本考案は、建築物の床を貫通して設けられ、配管を高さ方向に挿通する床スリーブに関する。
従来、ビルやマンション等の建築構造物に設置される水回りの配管設備にあっては、鉄筋構造物に対し床を構築する仮枠を設置して鉄筋を配筋し、仮枠の所定位置に必要な数の床スリーブを固定し、この状態でコンクリートを打設し、コンクリートが固まった後に、床スリーブに配管を通し、床スリーブの床面開口部にアングル材を使用した配管固定部を現場作業により設けて配管を支持固定している。
図10乃至図13は従来の床スリーブの設置工事を示している。

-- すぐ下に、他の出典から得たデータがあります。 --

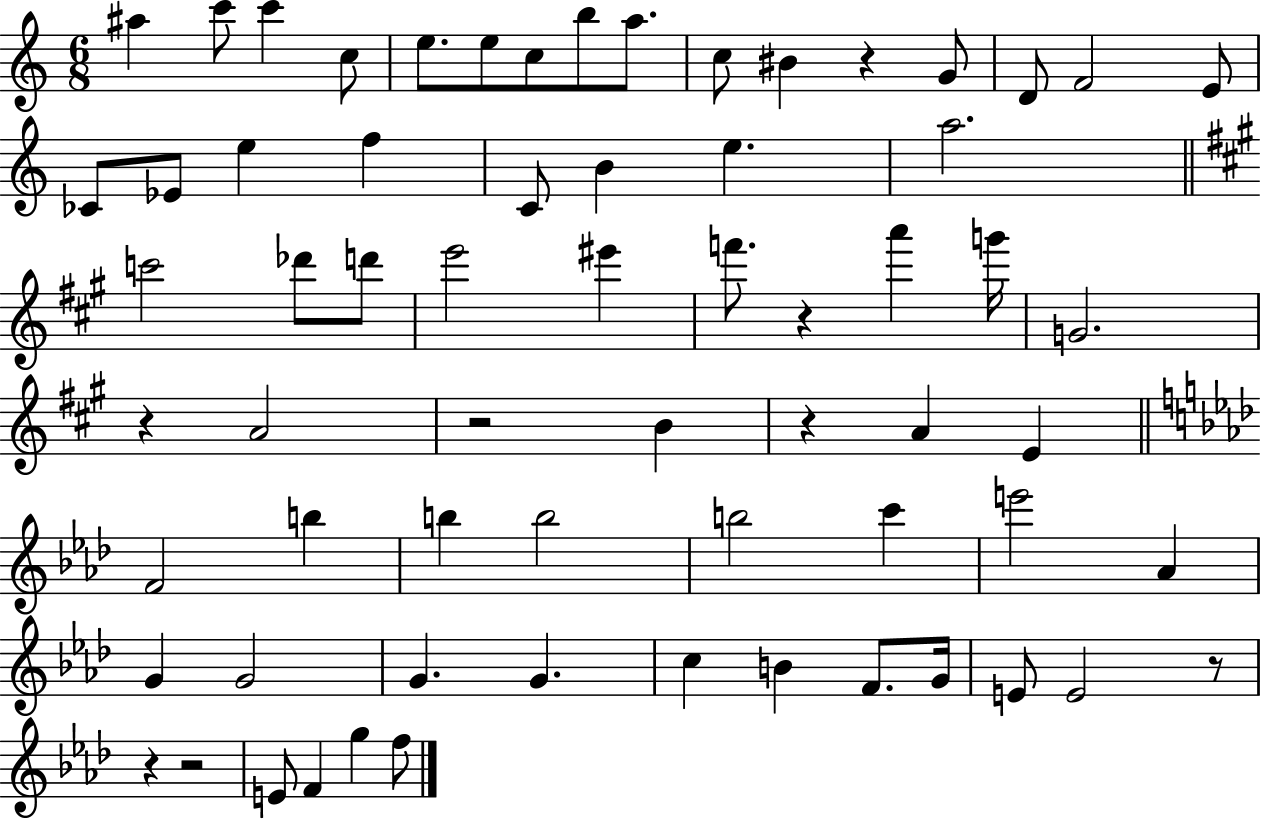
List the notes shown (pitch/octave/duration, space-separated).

A#5/q C6/e C6/q C5/e E5/e. E5/e C5/e B5/e A5/e. C5/e BIS4/q R/q G4/e D4/e F4/h E4/e CES4/e Eb4/e E5/q F5/q C4/e B4/q E5/q. A5/h. C6/h Db6/e D6/e E6/h EIS6/q F6/e. R/q A6/q G6/s G4/h. R/q A4/h R/h B4/q R/q A4/q E4/q F4/h B5/q B5/q B5/h B5/h C6/q E6/h Ab4/q G4/q G4/h G4/q. G4/q. C5/q B4/q F4/e. G4/s E4/e E4/h R/e R/q R/h E4/e F4/q G5/q F5/e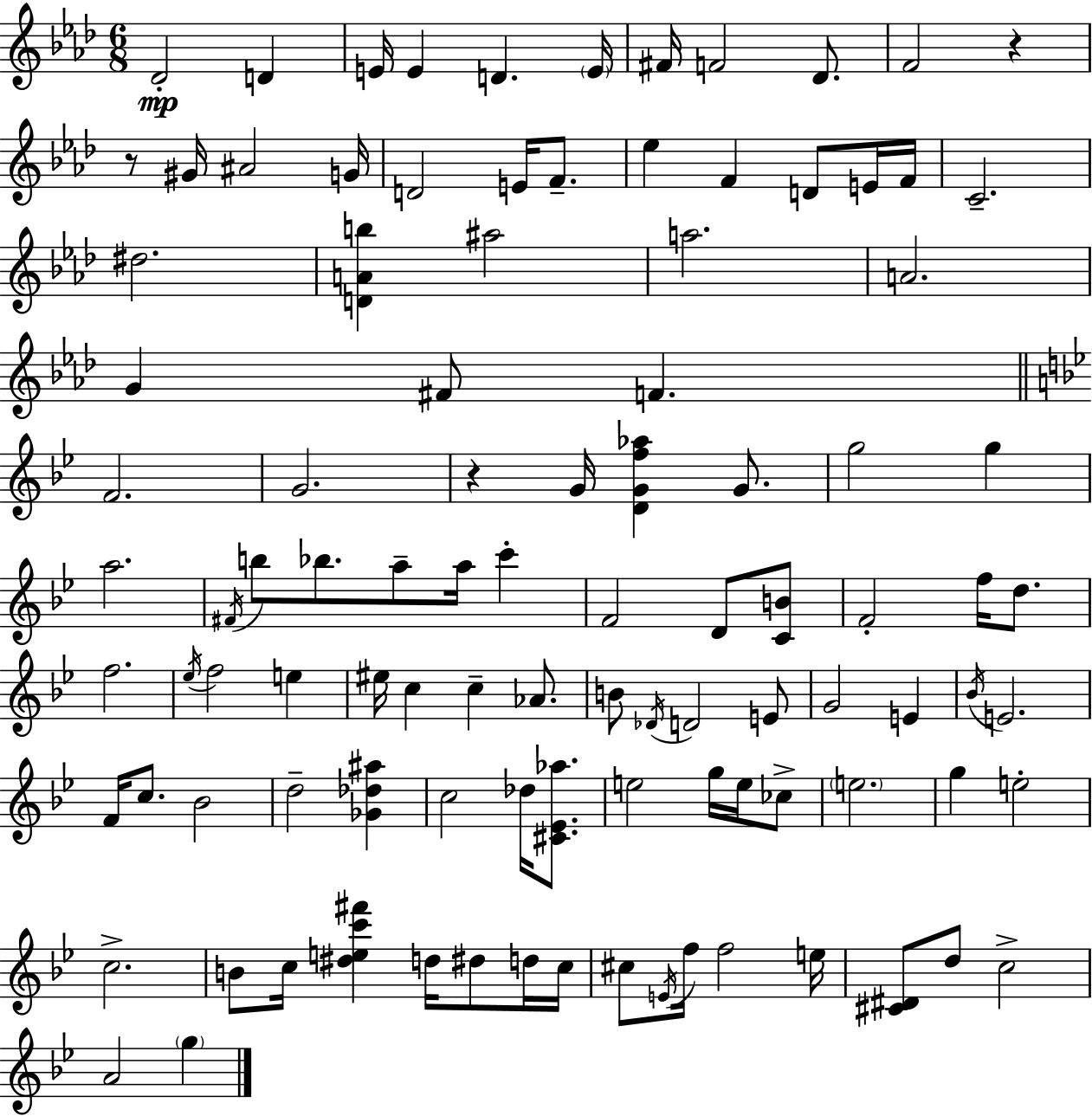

まず図10に示すように、例えば隣接する上下階の床工事を例にとると、鉄筋構造物(図示せず)に対し仮枠101を設置すると共に鉄筋102を配筋した後に、水回りとなる所定の位置の仮枠101に床スリーブ100の脚部を釘など固定して配置すると共に鉄筋102に結束線などで固定する。
この状態でコンクリートを打設することで、図11に示すように、床スリーブ10による貫通穴を持つコンクリート床104を構築する。次に、図12に示すように、コンクリート床104における床面の床スリーブ100が開口した位置に、アングル材を利用して配管固定部108を現場作業で設置する。更に、床スリーブ100を高さ方向に挿通する配管を、配管固定部108により固定支持し、床スリーブ100と配管106の間の隙間に不燃材やシール材を充填して隙間を塞ぐようにしている。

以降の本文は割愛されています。